Friday, September 24, 2010

The American Gorbachev 1990/2010




                A powerful nation once stridently confident in its world mission had, it seemed, almost overnight woken up to the reality of bankruptcy and the possibility of unbridled civic anarchy. Not surprisingly public confidence in its social and economic institutions and the prominent political figures which led them were at an all-time low. Sometime before this ultimate ‘meltdown’ a young, inexperienced leader, soon to be feted the world over, had promised stirring domestic reform only to bring total collapse a short time later. On top of all this woe, an intractable war in Afghanistan causing friend and foe alike to pause and ask: wither O hegemon? 

                Of course the country or rather state that I am referring to above was the Soviet Union circa 1988-1991. Strikingly, though, I could almost have been talking about another gaspingly heaving hegemon: the US circa 2008-2011. 

                Yes there are differences. Big ones. Internally the US has been an evolving participatory democracy with a complicated free-market system for over two-hundred years while the Soviet Union was, as some commentators have somewhat facetiously remarked, a prime example of the last stage of “industrial feudalism” ruled by a “Kafkaesque-Gogolian” bureaucracy. 
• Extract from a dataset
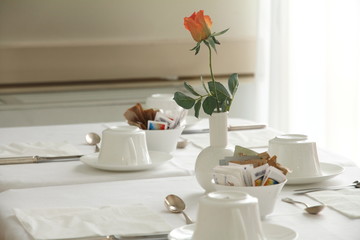 Table for breakfast in white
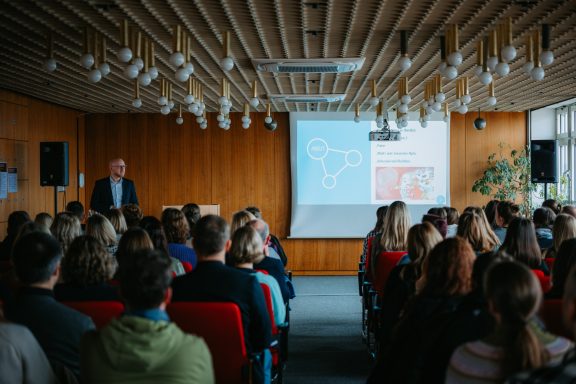 Ein Vortrag in einem Raum mit vielen Zuhörern und einer Präsentation im Hintergrund.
                Yet these fundamental differences in state and civic character make the similarities of both their situations all the more intriguing.

                Both systems, albeit at different rates, had suffered from increasing centralization and government control over all aspects of life legitimized by elitist, technocratic, and, yes, atheist ideologies. Both systems increasingly watched perplexed as their citizens both relied more and more on government services while despising those who offered it to them in almost direct proportion to what was given. A steady decline in moral values such as cooperation, hard-work, sacrifice, self-control, and tolerance of differences in thought and in ways of living ensued. Greed, envy, licentiousness, and even cruelty became the true spirits of the age hidden by the hypocrisy of ‘intellectual speak’ as taught by the ‘higher institutions of learning’.

                And finally both systems did not understand or really know what was happening to them even when it did and after. Even so change did come revealing a shell-shocked, demoralized populace who sought to blame anyone else but themselves. What happened after that, in the case of the Soviet Union, is now history: dramatic population decline, a rapid loss of world power, devastating impoverishment and an overpowering sense of helplessness and cynicism which only worsened encouraging more of the same.

                Is this the ultimate fate of the US? I think not. However it is a warning. A large nation, like a large ship, often moves on inertia however there comes a time when it must turn around and sometimes sharply so: it has happened many times in US history…will it happen again?